Schmiemann erkennt ein strukturelles Grundproblem: „Der Pflegedienst ruft die 112. Der Disponent, der den Anruf entgegennimmt, haftet persönlich für seine Entscheidung, also wird er im Zweifel eher einen Rettungswagen alarmieren. Der wird für Leerfahrten in den meisten Regionen nicht bezahlt, also nimmt er im Zweifel den oder die Bewohner des Pflegeheims mit. Das ist ein Automatismus. Wir müssen Wege finden, wie wir da herauskommen.“
Das zweite Grundproblem seien Mängel in der Kommunikation.
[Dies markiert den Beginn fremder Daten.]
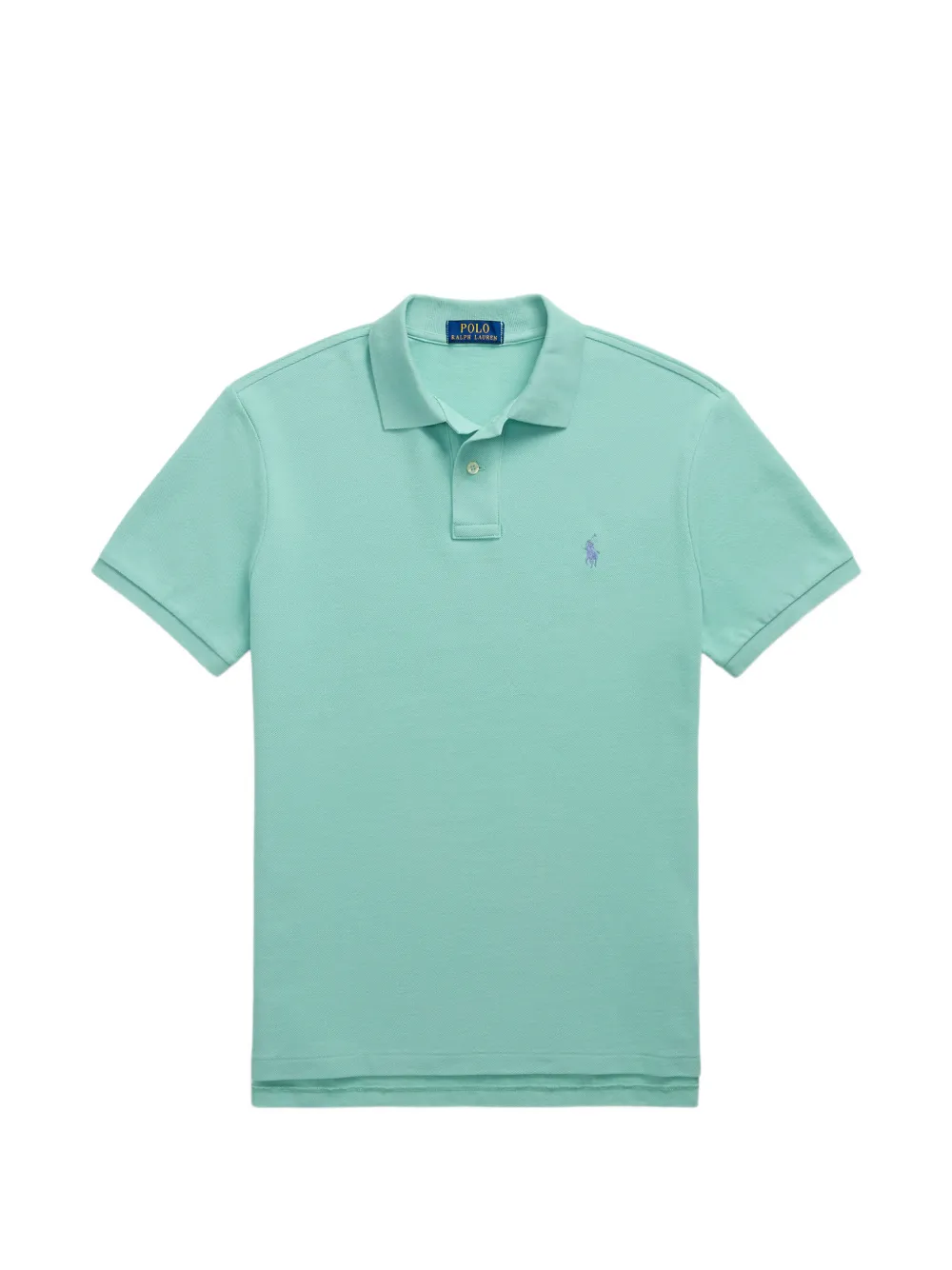 Polo Ralph Lauren logo-embroidered piqué polo shirt - Verde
Heim und Ärzte arbeiteten oft nicht strukturiert zusammen. In der Hälfte der Fälle wurde die Arztpraxis gar nicht informiert, wenn ein Patient Symptome aufweist.
„Es wäre hilfreich, wenn Praxis und Heim dieselben Informationen hätten. Die gleiche Akte, den gleichen Medikamentenplan“, sagt der Versorgungsforscher.
Ihre Forschungsergebnisse hat die HOMERN-Gruppe kürzlich auf einem Symposium in Bremen veröffentlicht. Die 70 Teilnehmer waren vom Fach: Hausärzte, Pflegepersonal und Mitarbeiter von Rettungsdiensten haben die Realität der wissenschaftlichen Untersuchungen bestätigt.
Der Titel des Symposiums war ebenso eindeutig – „Krankenhausaufenthalte von Pflegebewohnern: Nur weil keiner die Verantwortung übernehmen wollte?“
Schmiemanns Resümee: „Eine Stärkung der Pflegenden, eine Verbesserung struktureller Rahmenbedingungen und eine verstärkte Kommunikation und Kooperation zwischen den beteiligten Akteuren könnte die Zahl vermeidbarer Krankenhaustransporte aus Pflegeheimen verringern.“
Dieser Text basiert auf einer Pressemitteilung der Universität Bremen.